In a particular embodiment of the invention, the nanocellulose solution comprises nanocellulose in a concentration of 5 to 20% by weight.

In the step (ii) of the preparation method, when the solution obtained by adding the nanocellulose solution to the metal-organic framework material solution is stirred or sonicated, the nanocellulose and the metal-organic framework material are combined to form a composite. In one embodiment of the present invention, nanocellulose is bound to the imine group of ZIF-8.

In step (iii) of the preparation method, drying of the prepared complex may be performed, for example, by vacuum drying or freeze drying at a high temperature of 60 ℃ or more. In one embodiment of the present invention, after the drying of the step (iii), a step of washing the prepared complex may be further performed. Washing of the complex may be performed, for example, by using ethanol.

Advantageous effects

The complex for transdermal delivery of the present invention efficiently delivers an active ingredient into the skin in a very stable form, and thus can exhibit very excellent effects for a long time even with a small amount of the active ingredient.

Drawings

Fig. 1 is a schematic diagram showing the structure of ZIF-8.

Fig. 2 is a photograph of nanocellulose taken using a Scanning Electron Microscope (SEM).

FIG. 3 is a photograph of prepared ZIF-8 and a ZIF-8-nanocellulose complex containing retinol.

FIG. 4 is a result of measuring a particle diameter size of a ZIF-8-nanocellulose composite using photo ELS-Z.

FIG. 5 is a photograph of ZIF-8 and a ZIF-8-nanocellulose complex containing retinol taken at an enlarged scale using a cryoelectron microscope.

FIG. 6 is a result of H-NMR measurement of ZIF-8-nanocellulose complexes prepared in examples 1-5.

FIG. 7 is a result of measuring Zeta potential using photo ELS-Z for measuring the stability of ZIF-8-nanocellulose composite.

FIG. 8 is a result of measuring the stability of ZIF-8-nanocellulose composite using Turbiscan.

FIG. 9 is an X-ray powder diffraction (XRD) spectrum of ZIF-8 and a ZIF-8-nanocellulose composite containing retinol.

FIG. 10 is an NMR measurement result of ZIF-8 and a ZIF-8-nanocellulose complex containing retinol.

Detailed Description

The present invention will be described more specifically with reference to examples. However, the following examples are merely examples to facilitate understanding of the present invention, and the scope of the present invention is not limited thereto.

Preparation example: preparation of ZIF-8

Preparation examples 1 to 1: preparation of Zinc nitrate hexahydrate solution

0.4g of zinc nitrate hexahydrate was completely dissolved in 1.6g of H₂And (4) in O. At this time, H was used after adjusting pH to 8.0 with NaOH₂O, and subjected to ultrasonic treatment for 5 minutes to completely dissolve. Thereafter, 8ml of deionized water was added and stirred at 300RPM for 30 minutes.

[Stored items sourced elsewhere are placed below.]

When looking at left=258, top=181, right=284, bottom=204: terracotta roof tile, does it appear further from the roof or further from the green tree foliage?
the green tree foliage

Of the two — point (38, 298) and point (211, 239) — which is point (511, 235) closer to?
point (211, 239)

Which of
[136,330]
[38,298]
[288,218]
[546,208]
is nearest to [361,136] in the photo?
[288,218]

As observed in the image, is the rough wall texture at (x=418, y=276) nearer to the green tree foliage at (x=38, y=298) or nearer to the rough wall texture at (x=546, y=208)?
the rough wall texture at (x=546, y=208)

Preparation examples 1 to 2: preparation of 2-methylimidazole (2-methylimidazole) solution

4.0g of 2-methylimidazole were completely dissolved in 16.0g of deionized water. At this time, ultrasonic treatment is performed for 30 minutes or more to completely dissolve the compound.

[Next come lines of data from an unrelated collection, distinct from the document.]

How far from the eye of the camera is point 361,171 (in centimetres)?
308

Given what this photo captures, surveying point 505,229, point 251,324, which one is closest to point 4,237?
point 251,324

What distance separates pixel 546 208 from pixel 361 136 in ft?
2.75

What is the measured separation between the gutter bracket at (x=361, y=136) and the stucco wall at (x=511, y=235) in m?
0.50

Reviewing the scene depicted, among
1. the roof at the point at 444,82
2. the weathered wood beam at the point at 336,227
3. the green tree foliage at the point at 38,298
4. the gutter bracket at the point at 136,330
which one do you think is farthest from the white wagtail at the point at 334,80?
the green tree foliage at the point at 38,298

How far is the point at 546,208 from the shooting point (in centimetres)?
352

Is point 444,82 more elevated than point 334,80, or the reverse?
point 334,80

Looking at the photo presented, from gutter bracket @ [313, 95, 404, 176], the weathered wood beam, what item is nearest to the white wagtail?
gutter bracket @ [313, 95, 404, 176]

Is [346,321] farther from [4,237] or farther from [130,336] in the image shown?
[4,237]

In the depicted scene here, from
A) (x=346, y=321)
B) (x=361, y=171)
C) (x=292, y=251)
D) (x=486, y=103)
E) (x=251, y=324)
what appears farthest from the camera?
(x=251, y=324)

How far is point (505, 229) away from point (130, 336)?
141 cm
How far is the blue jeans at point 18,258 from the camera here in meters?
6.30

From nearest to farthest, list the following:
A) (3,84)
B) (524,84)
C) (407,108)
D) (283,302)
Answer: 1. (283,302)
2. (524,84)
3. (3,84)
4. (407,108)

Preparation examples 1 to 3: synthesis of ZIF-8

The 2-methylimidazole solution of preparation example 1-2 was added dropwise to the zinc nitrate hexahydrate solution of preparation example 1-1, and stirred at 300RPM for 30 minutes. By this process, in Zn²⁺To form an imidazole bridge (bridge) and synthesize a ligand, thereby forming ZIF-8. The resulting ZIF-8 was washed and then dried at 70 ℃ for 7 hours and 30 minutes.

Preparation examples 1 to 4: ZIF-8 Wash

Washing was performed by centrifugation 2 times using distilled water and then 2 times using ethanol. At this time, the conditions for centrifugal separation were 4000RPM for 15 minutes (Universal 320/Germany (Germany)).